▸ **Your assignment**: With pictures removed, the data below should be returned exactly.

---------- Data ----------

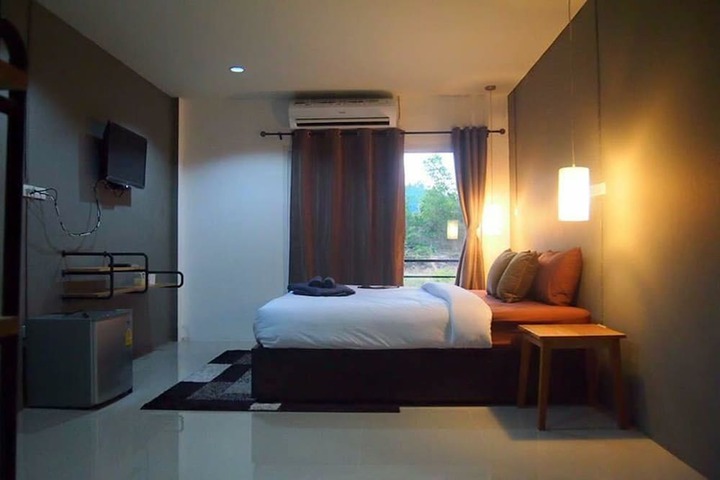 Room 8 of 20
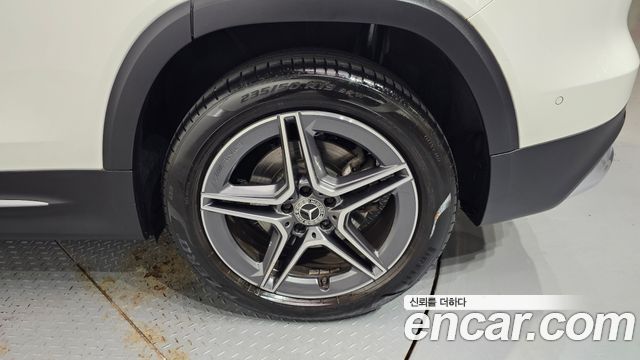 Mercedes-Benz GLB-Class 2023 — photo 7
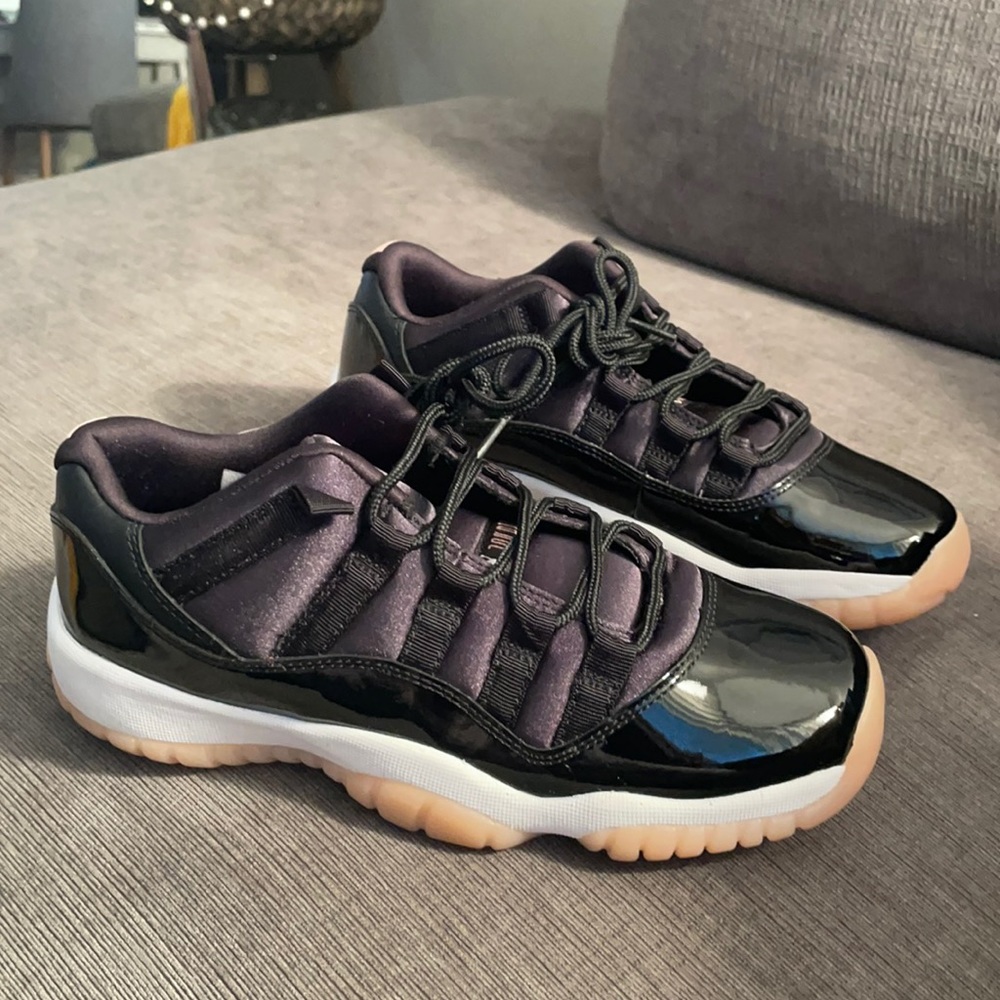 Brane new Jordan 11’s low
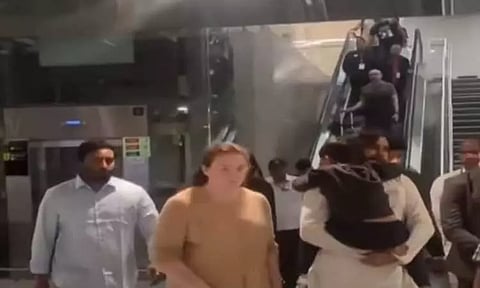 சிங்கப்பூரில் இருந்து மகனுடன் வீடு திரும்பினார் பவன் கல்யாண்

----------

▸ **Answer**:
 Room 8 of 20
 Mercedes-Benz GLB-Class 2023 — photo 7
 Brane new Jordan 11’s low
 சிங்கப்பூரில் இருந்து மகனுடன் வீடு திரும்பினார் பவன் கல்யாண்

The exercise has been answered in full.